Assignment:
Reproduce only the lines below from the line containing "接口数据线行业市场研究与发展前景预测报告" to the line containing "1,510円「三井物産グループ大口団体割引適用でのご契約」月々の保険料 ゴルファーGAセット 940円", exactly as written, with both end lines kept. Omit the pictures.

Data for this exercise:
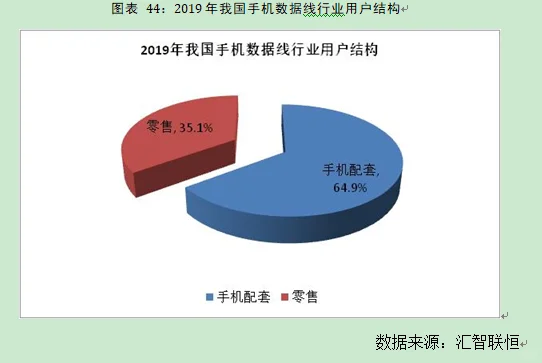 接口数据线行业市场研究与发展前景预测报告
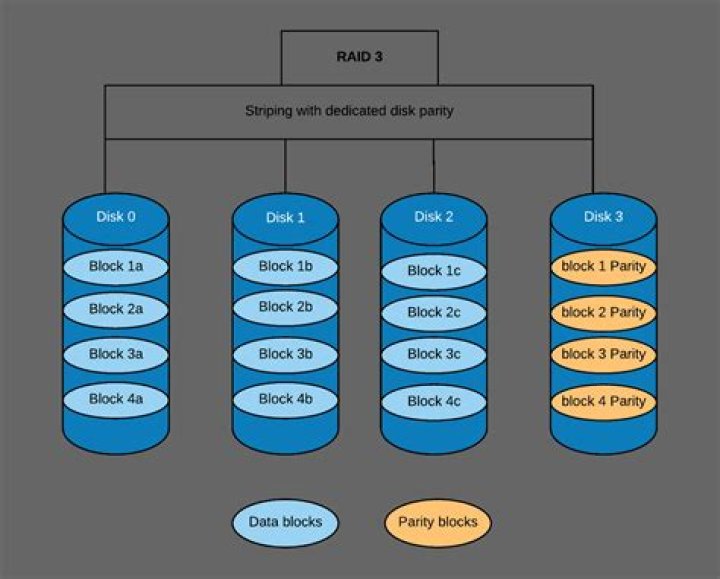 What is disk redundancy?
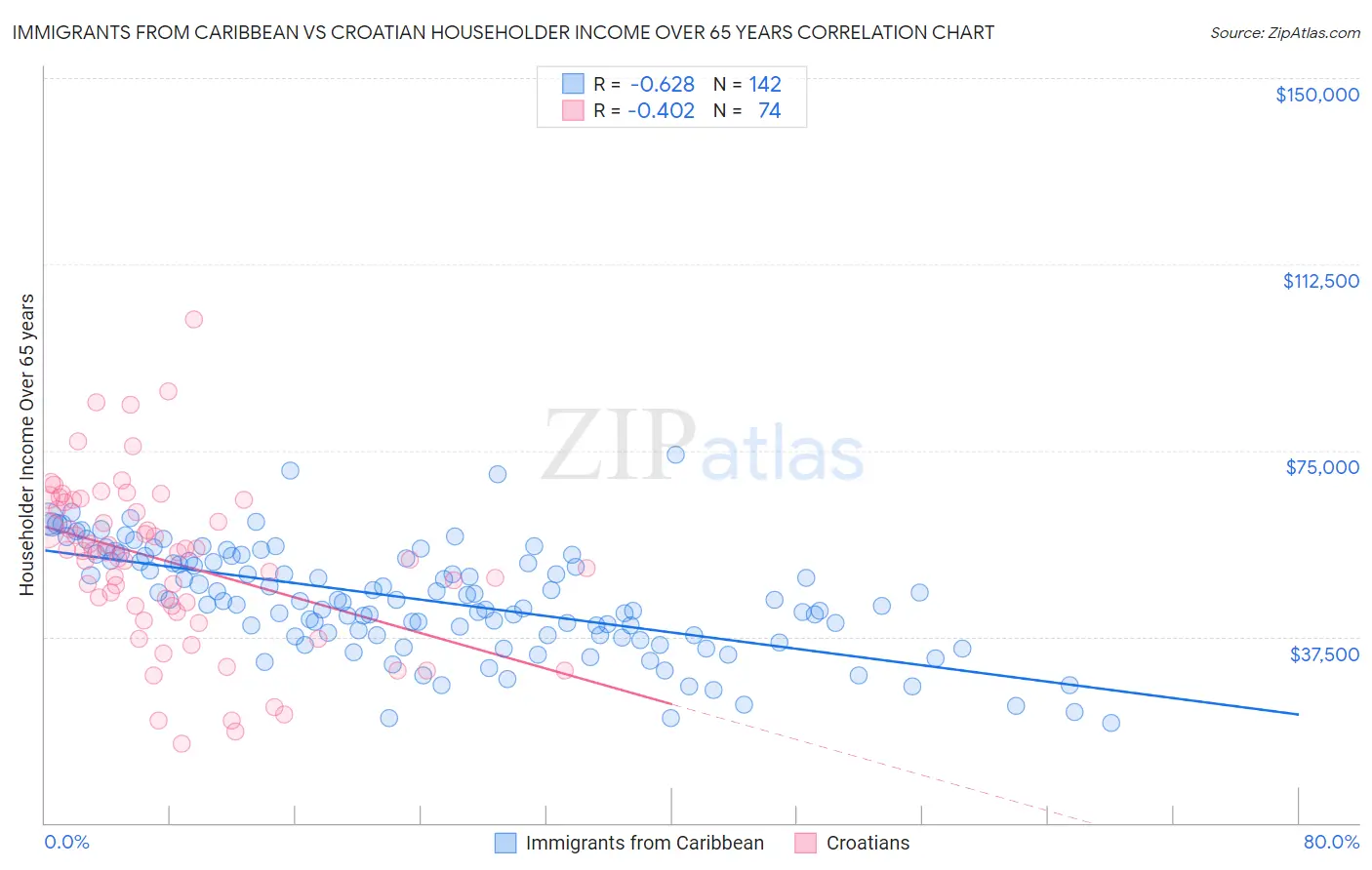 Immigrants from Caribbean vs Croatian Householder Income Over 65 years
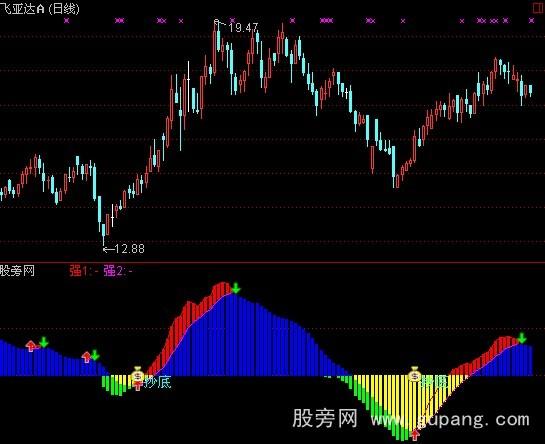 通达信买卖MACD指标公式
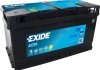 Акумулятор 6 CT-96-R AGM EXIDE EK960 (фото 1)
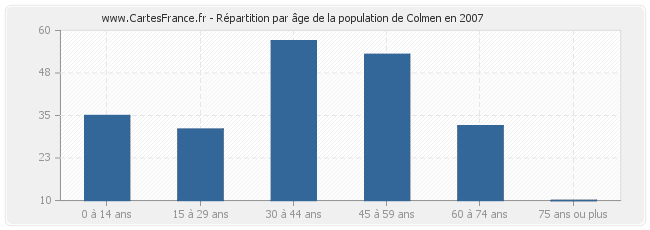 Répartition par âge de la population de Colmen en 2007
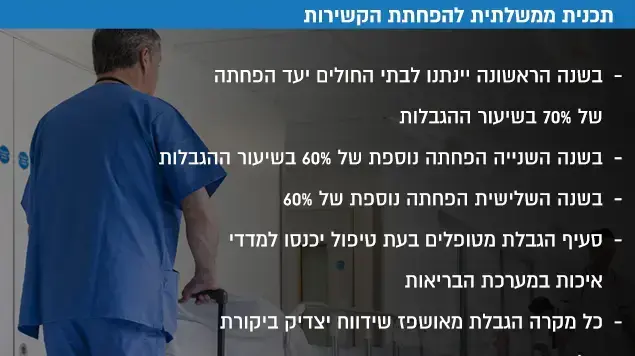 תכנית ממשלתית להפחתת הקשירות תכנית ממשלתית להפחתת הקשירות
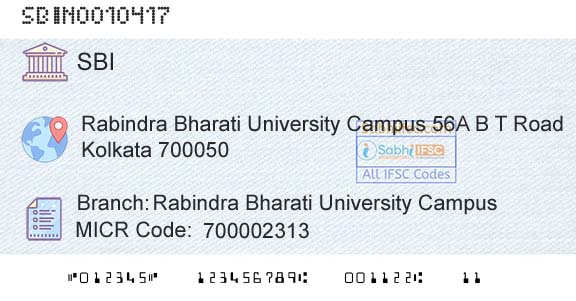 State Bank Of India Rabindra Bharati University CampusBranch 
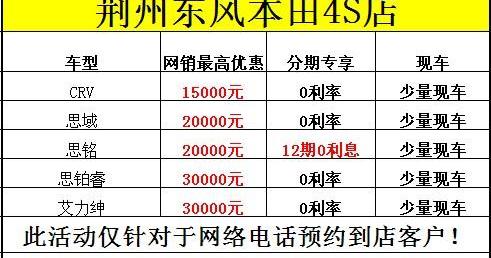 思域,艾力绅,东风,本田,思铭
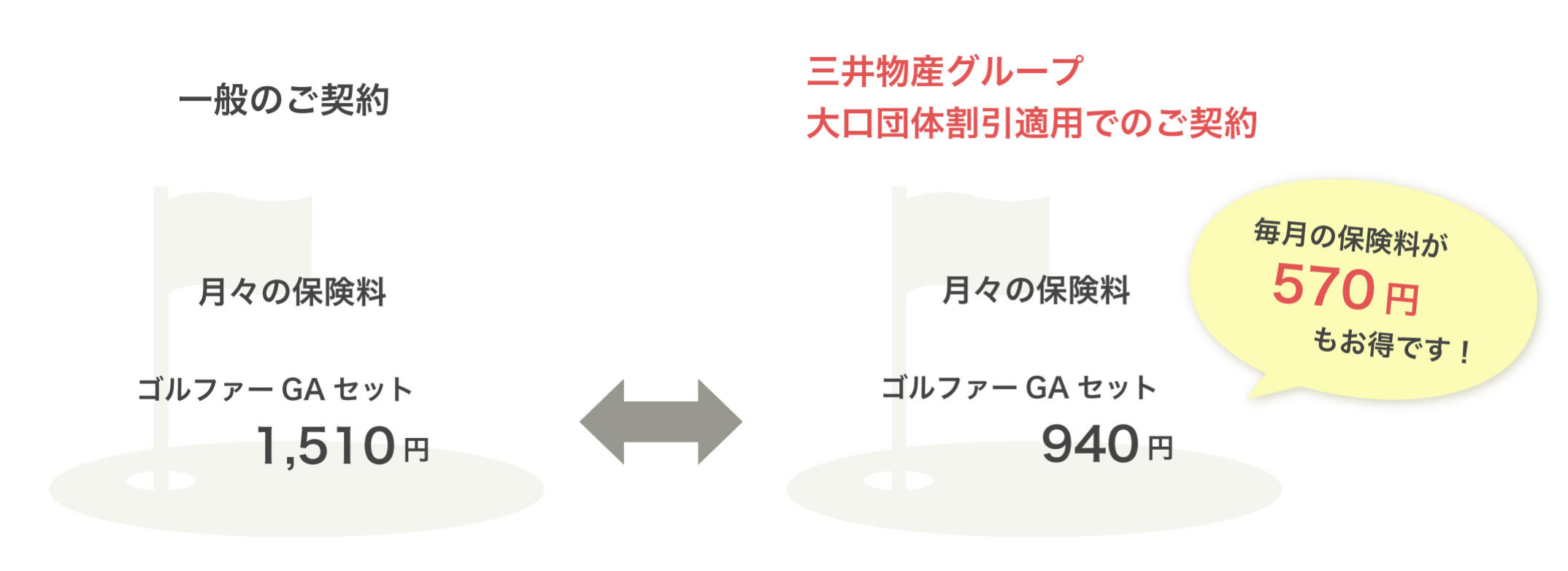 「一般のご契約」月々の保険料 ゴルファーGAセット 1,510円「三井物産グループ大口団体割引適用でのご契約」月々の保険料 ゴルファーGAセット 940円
* * *
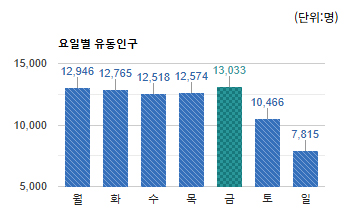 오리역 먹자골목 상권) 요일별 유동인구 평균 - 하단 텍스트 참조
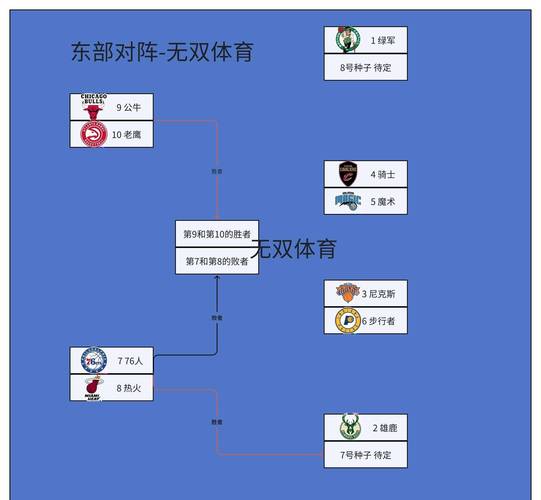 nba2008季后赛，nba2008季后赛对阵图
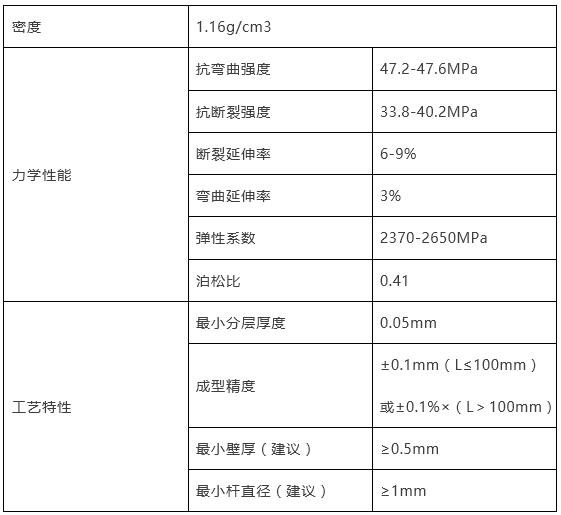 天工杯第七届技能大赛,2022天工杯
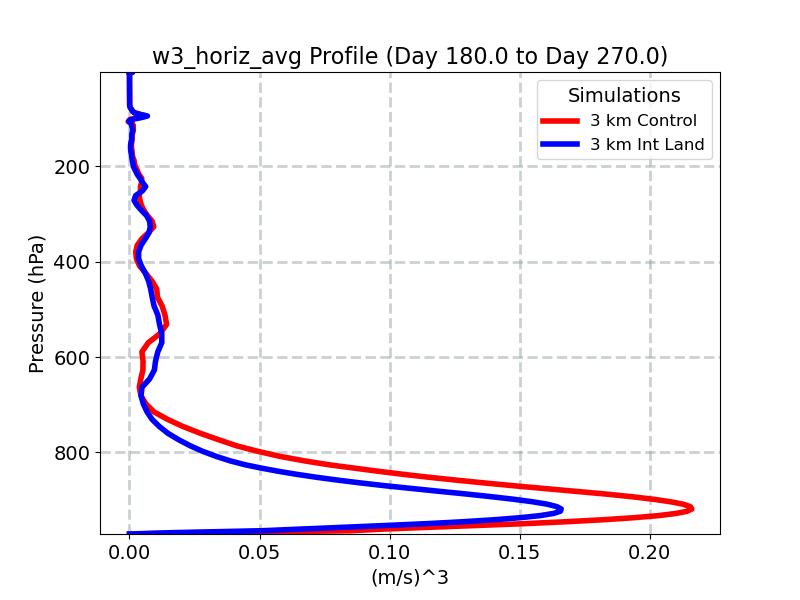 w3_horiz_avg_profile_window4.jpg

Output for this task:
 接口数据线行业市场研究与发展前景预测报告
 What is disk redundancy?
 Immigrants from Caribbean vs Croatian Householder Income Over 65 years
 通达信买卖MACD指标公式
 Акумулятор 6 CT-96-R AGM EXIDE EK960 (фото 1)
 Répartition par âge de la population de Colmen en 2007
 תכנית ממשלתית להפחתת הקשירות תכנית ממשלתית להפחתת הקשירות
 State Bank Of India Rabindra Bharati University CampusBranch 
 思域,艾力绅,东风,本田,思铭
 「一般のご契約」月々の保険料 ゴルファーGAセット 1,510円「三井物産グループ大口団体割引適用でのご契約」月々の保険料 ゴルファーGAセット 940円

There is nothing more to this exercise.